Exclude every picture. Output verbatim the lines from the one containing "Gray,Large (24x47in)" to the end of the data.

[[ DATA SHOWN open ]]

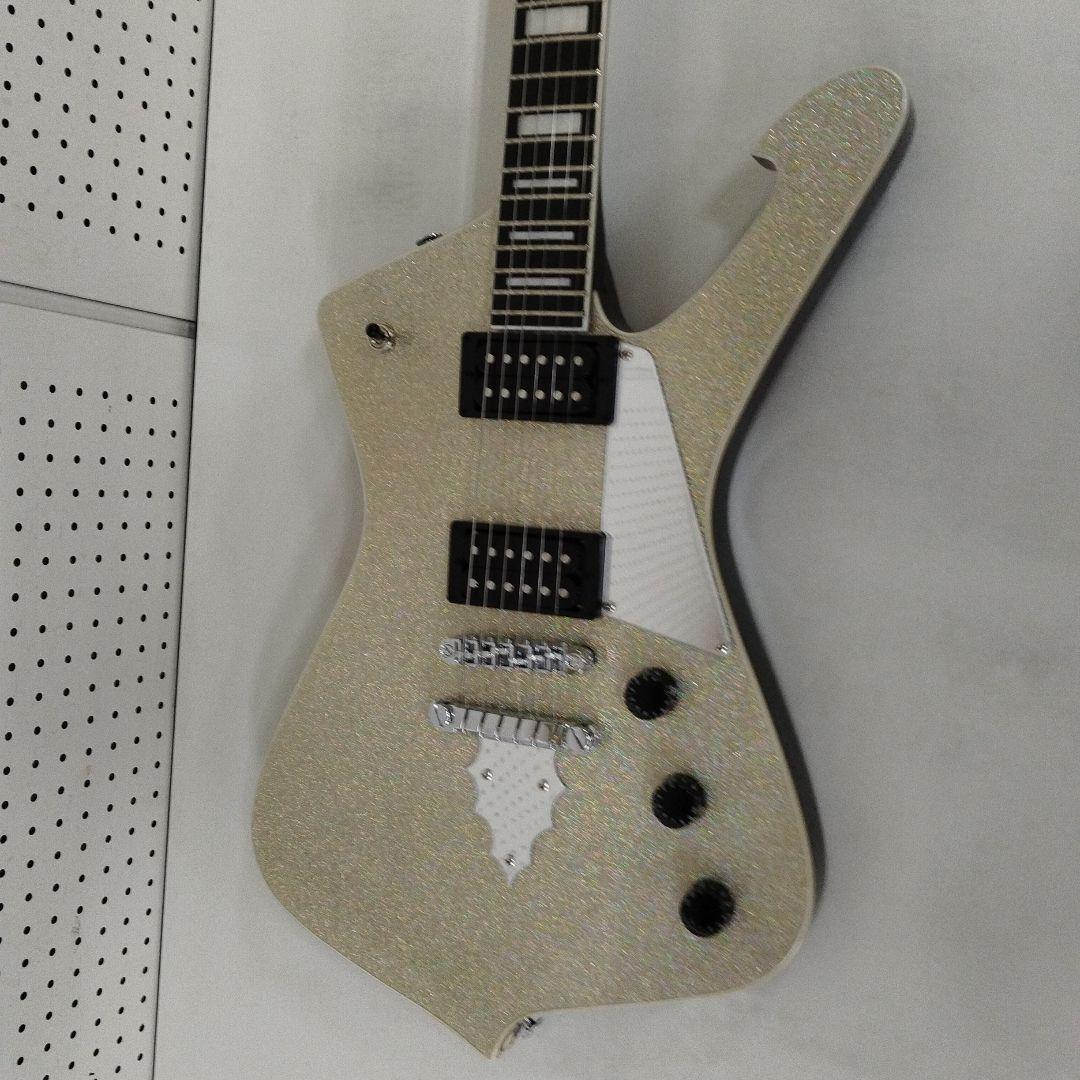 Ibanez PS60 シルバー スパークル傷あり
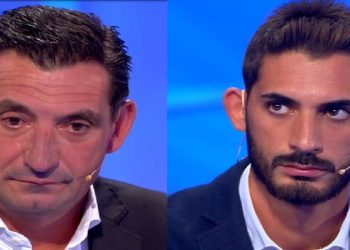 Francesco chiede scusa al figlio Domenico, C'è posta per te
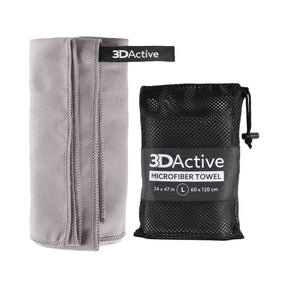 Gray,Large (24x47in)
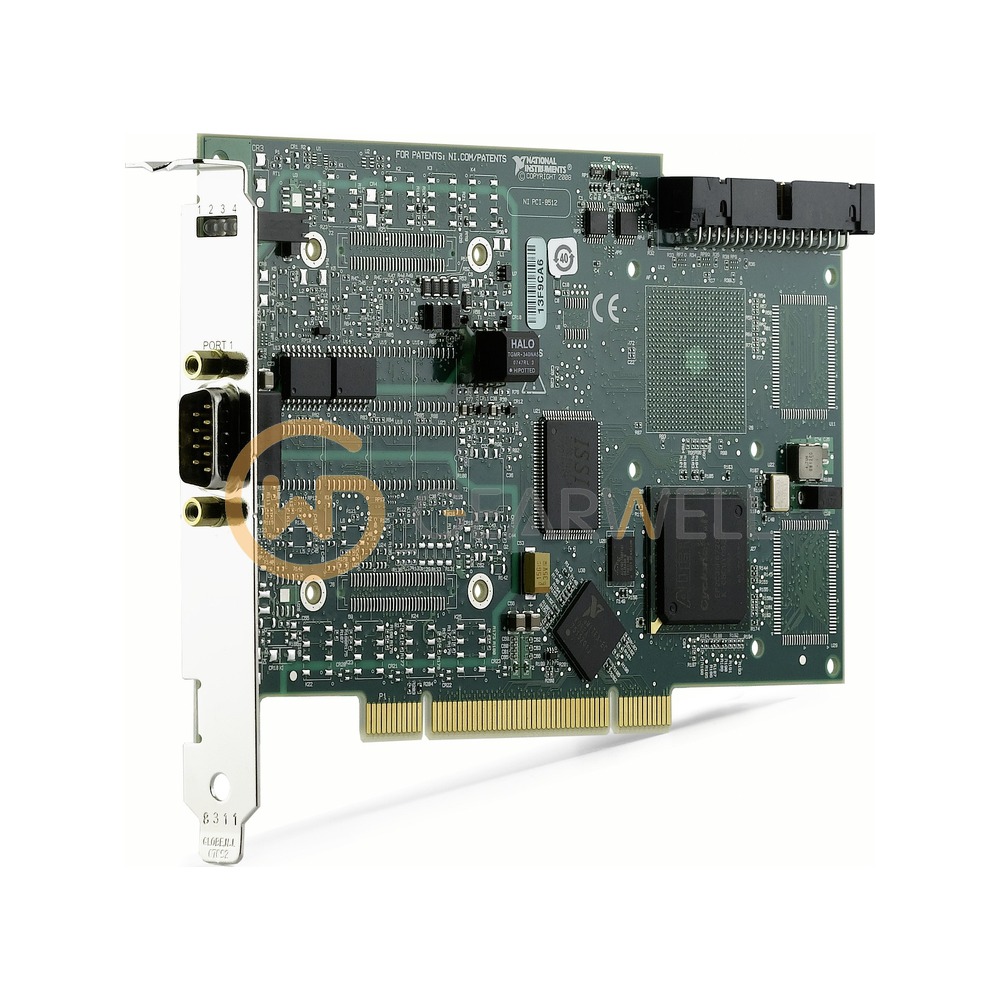 National Instruments PCI-8512 NI-XNET High-Speed/FD CAN Interface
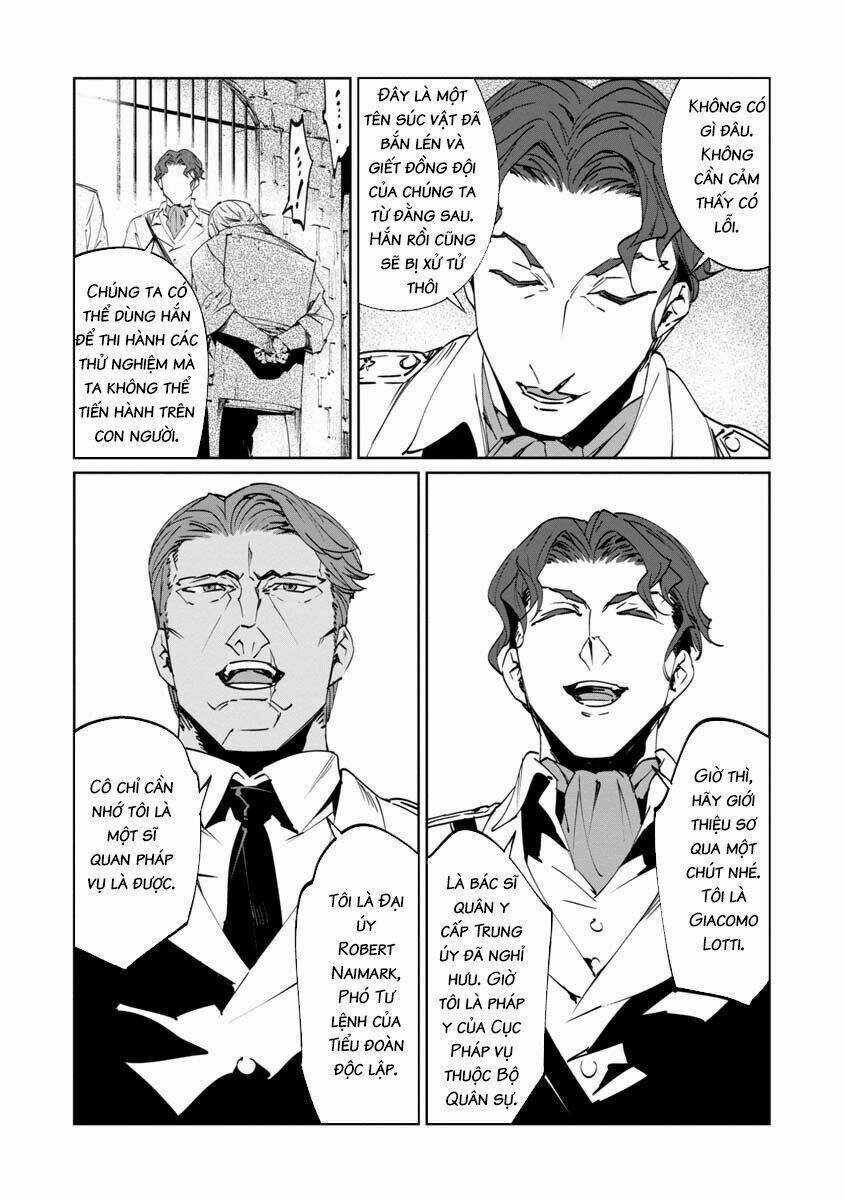 Tiểu Đoàn Opera House Chapter 2 trang 34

[[ DATA SHOWN closed ]]

EXERCISE RESULT —
 Gray,Large (24x47in)
 National Instruments PCI-8512 NI-XNET High-Speed/FD CAN Interface
 Tiểu Đoàn Opera House Chapter 2 trang 34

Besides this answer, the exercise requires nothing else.